[mythtv-users] An LVM'd drive died! What do I do...
blammo.doh at gmail.com
Sat Nov 12 12:35:39 EST 2005
On 10/27/05, Brian C. Huffman <huffman at graze.net> wrote:
> On Thu, 2005-10-27 at 11:42 -0400, Bryan Halter wrote:
> > Well to start with for RAID you need to have disks that are all the same
> > size (preferably the same model). I believe Linux supports growing
> > software RAID volumes and I'm sure someone will correct me if it
> > doesn't. Personally I'd go out and buy a 4 device SATA-RAID controller
> > and 4 250GB drives that will give you 750GB of storage and fewer
> > headaches since the RAID array will be seen as any other scsi disk and
> > the card will do the thinking so you won't take a CPU hit for having
> > RAID.
I just wanted to throw in my 2cents into this 360' discussion about
raid and file systems.
Nothing is perfect.
For data integrity and speed, HW Raid > SW Raid > no raid
First I had no raid, just a single 300g drive. I found that with 4
tuners going, and 3 machines trying to commerical flag, watching even
a single frontend was impossible without either stuttering video,
choppy FFW, "IO Bound" on disk writes, network saturation, or some
combo of the above.
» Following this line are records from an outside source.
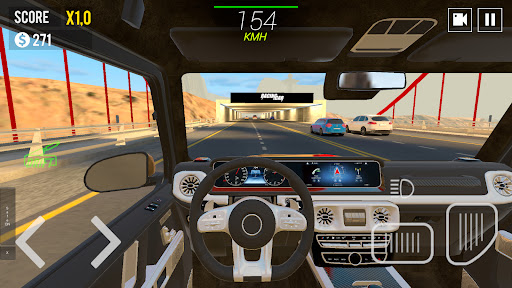 Racing in Car 2021 - arabanın içinde sürüş 2020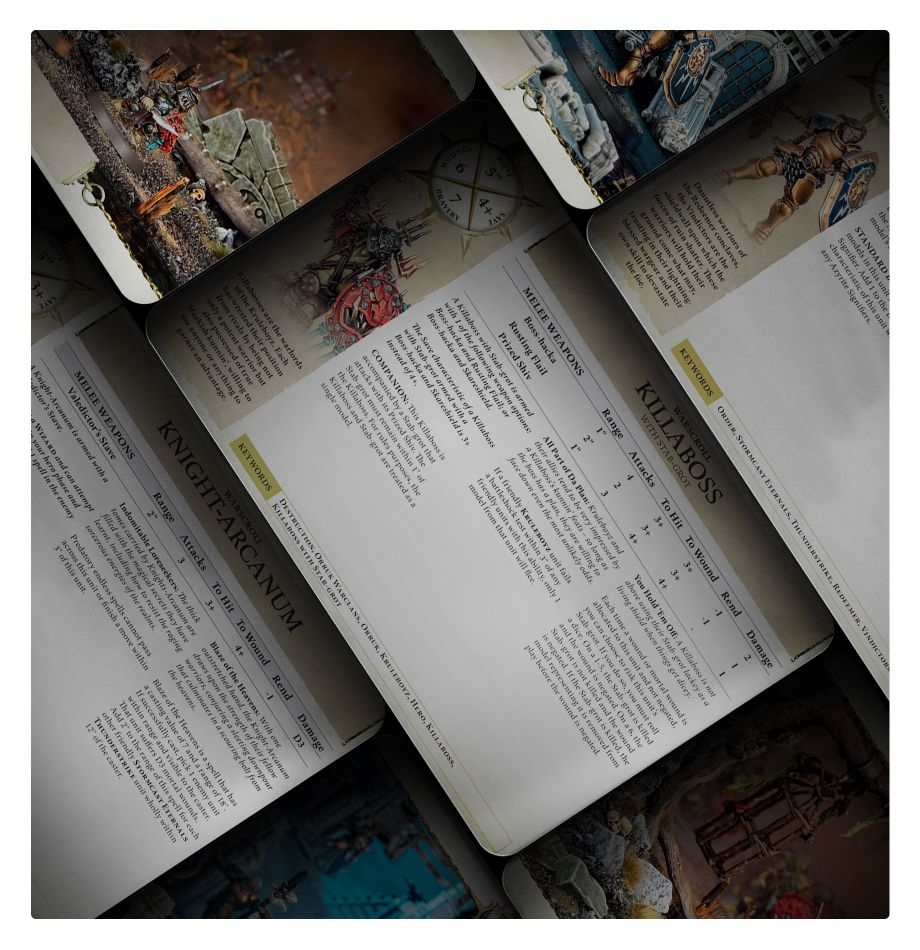AGE OF SIGMAR: WARRIOR (ENGLISH)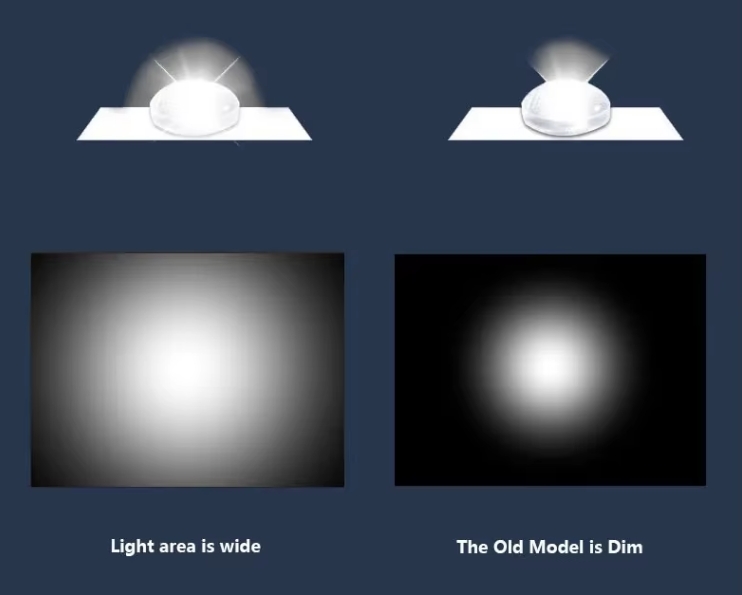high quality led grille light
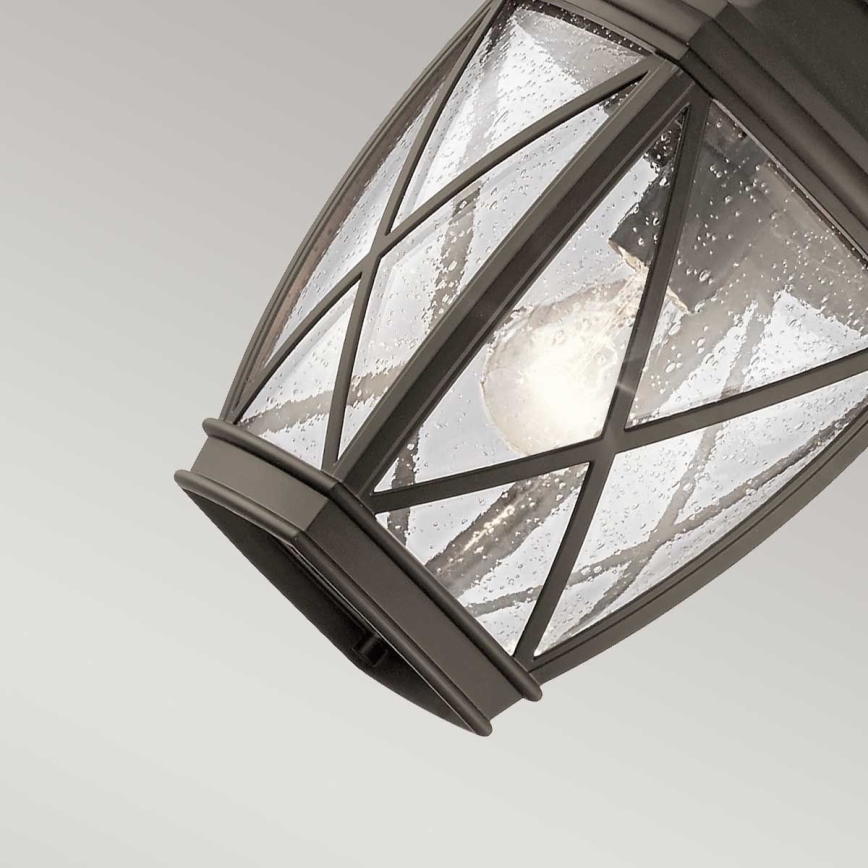 Kichler - Vanjski luster na lancu TANGIER 1xE27/60W/230V IP44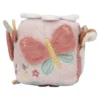 Mjuk Aktivitetskub Fairy Garden - Rosa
So I went to SW Raid. Ran XFS (tried EXT3, JFS,
XFS, ReiserFS) / NFS (tried 2,3,4) / SWRaid 5.
All the stuttering, IO Bound issues went away, and I could get good
recordings, but stability just wasn't there. I fought with that for
almost 2 years. I never lost "all" the data, which is obviously the
goal of RAID5. I had IDE controllers die, individual drives die,
motherboards die, upgraded multiple versions of Kernel, OS, etc, and
always fought little crash issues, kernel panics, etc. I'd put the
overall stability about 90%, which is TERRIBLE for something with a
24/7 duty cycle. I tried VIA chipset MB's, NV chipset MB's, MB IDE,
MB SATA, PCI SATA, PCI IDE, and any combo. Just before I made the jump
to HW Raid, I was up to 4xIDE 4xSATA, running on an Abit N7G2.
Then about 3 months ago, when I got fed up with taking calls at work
from the SO like "Honey, the backend locked up again", I finally
bought a HW Raid card. (3ware 9500-s12)
I should have done that in the beginning.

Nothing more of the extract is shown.